2. El origen del pesebre encuentra confirmación ante todo en algunos
detalles evangélicos del nacimiento de Jesús en Belén. El evangelista Lucas
dice sencillamente que María «dio a luz a su hijo primogénito, lo envolvió
en pañales y lo recostó en un pesebre, porque no había sitio para ellos en
la posada» (2,7). Jesús fue colocado en un pesebre; palabra que procede del
latín: praesepium.
El Hijo de Dios, viniendo a este mundo, encuentra sitio donde los animales
van a comer. El heno se convierte en el primer lecho para Aquel que se
revelará como «el pan bajado del cielo» (Jn 6,41). Un simbolismo que ya san Agustín,
junto con otros Padres, había captado cuando escribía: «Puesto en el pesebre,
se convirtió en alimento para nosotros» (Serm. 189,4). En realidad, el belén contiene diversos
misterios de la vida de Jesús y nos los hace sentir cercanos a nuestra vida
cotidiana.
Pero volvamos de nuevo al origen del belén tal como nosotros lo
entendemos. Nos trasladamos con la mente a Greccio, en el valle Reatino; allí
san Francisco se detuvo viniendo probablemente de Roma, donde el 29 de
noviembre de 1223 había recibido del Papa Honorio III la confirmación de su
Regla. Después de su viaje a Tierra Santa, aquellas grutas le recordaban de
manera especial el paisaje de Belén. Y es posible que el Poverello quedase
impresionado en Roma, por los mosaicos de la Basílica de Santa María la Mayor
que representan el nacimiento de Jesús, justo al lado del lugar donde se
conservaban, según una antigua tradición, las tablas del pesebre.
Las Fuentes
Franciscanas narran en detalle lo que sucedió en Greccio.

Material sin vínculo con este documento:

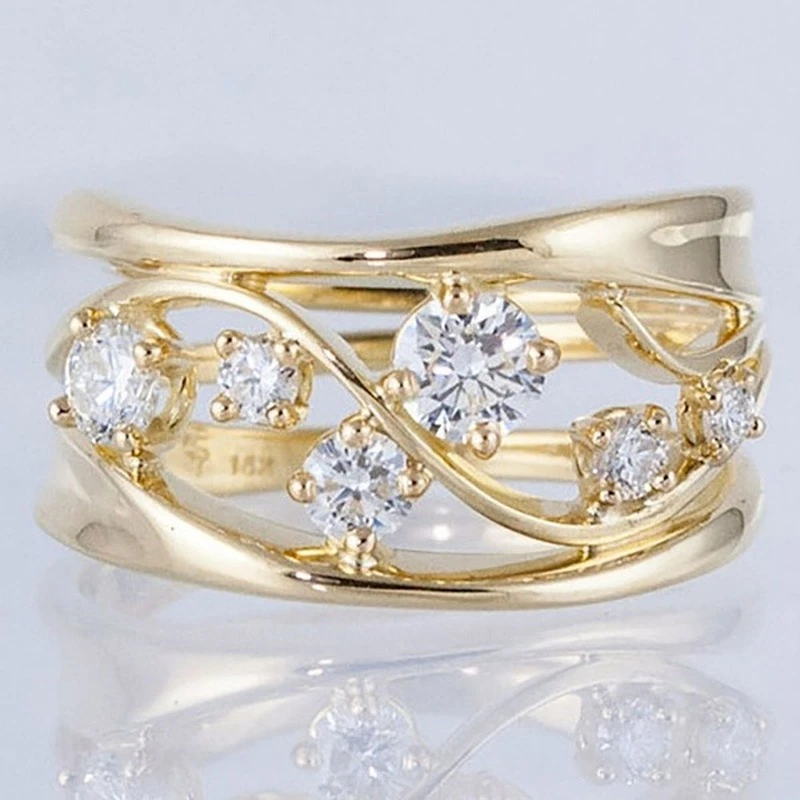 Elegant Gylden Ring med Zirkoner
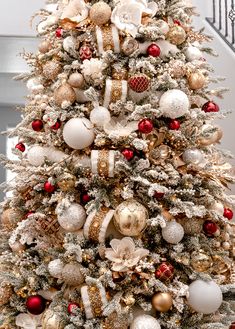 a white christmas tree with gold and red ornaments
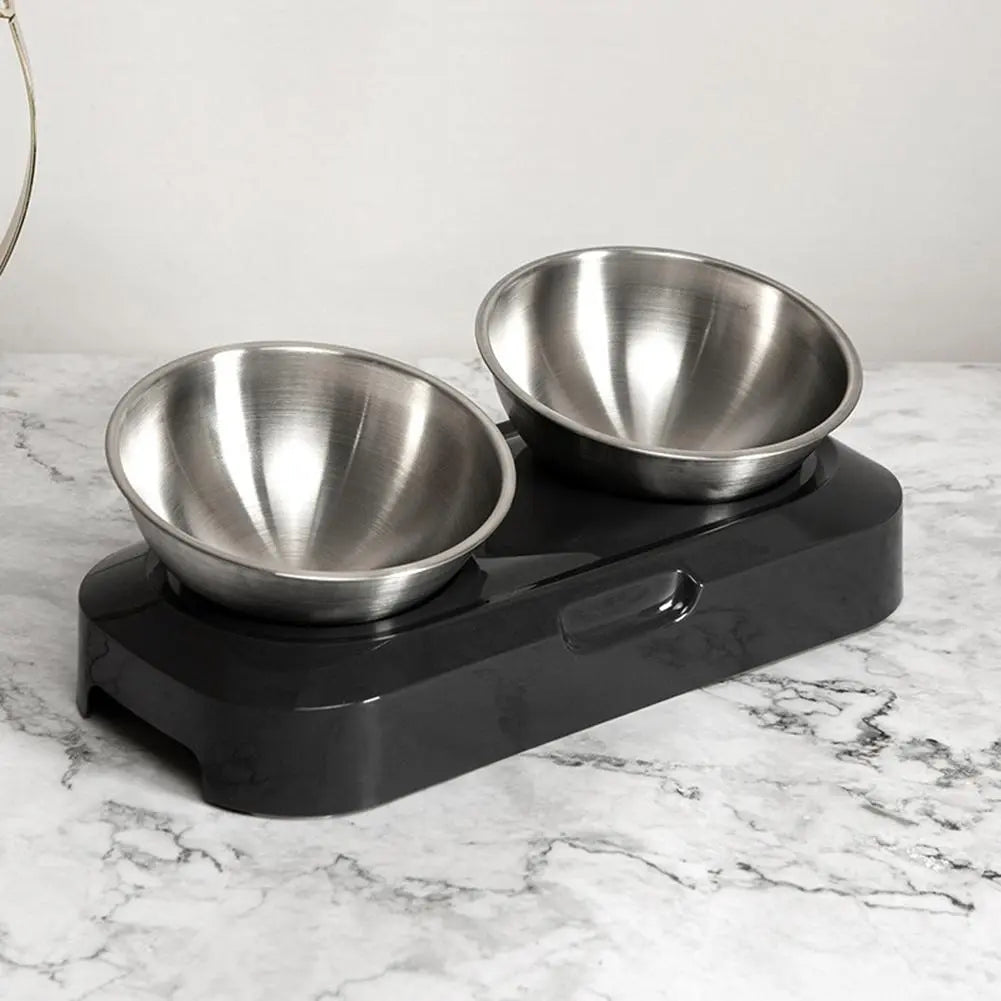 Stylish elevated pet feeder with two stainless steel bowls, promoting healthier posture for cats.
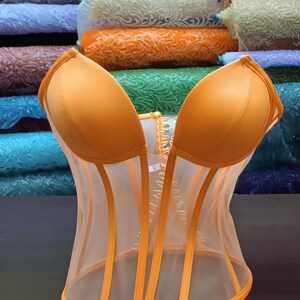 May include: A bright orange mesh corset with boning and a busk closure. The corset has a satin-like finish and is made of a sheer fabric.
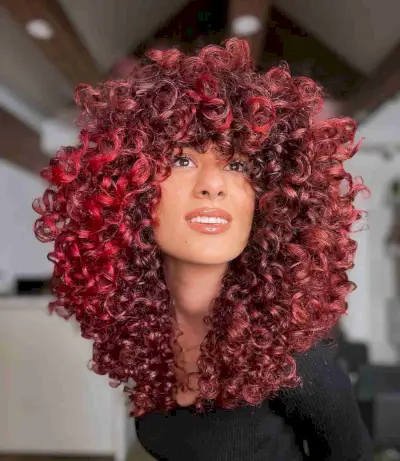 Naturally curly red shoulder length hair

Quince días antes de la Navidad, Francisco llamó a un hombre del lugar, de
nombre Juan, y le pidió que lo ayudara a cumplir un deseo: «Deseo celebrar la
memoria del Niño que nació en Belén y quiero contemplar de alguna manera con
mis ojos lo que sufrió en su invalidez de niño, cómo fue reclinado en el
pesebre y cómo fue colocado sobre heno entre el buey y el asno»[1]. Tan pronto
como lo escuchó, ese hombre bueno y fiel fue rápidamente y preparó en el
lugar señalado lo que el santo le había indicado. El 25 de diciembre,
llegaron a Greccio muchos frailes de distintos lugares, como también hombres y
mujeres de las granjas de la comarca, trayendo flores y antorchas para iluminar
aquella noche santa. Cuando llegó Francisco, encontró el pesebre con el heno,
el buey y el asno. Las personas que llegaron mostraron frente a la escena de la
Navidad una alegría indescriptible, como nunca antes habían experimentado.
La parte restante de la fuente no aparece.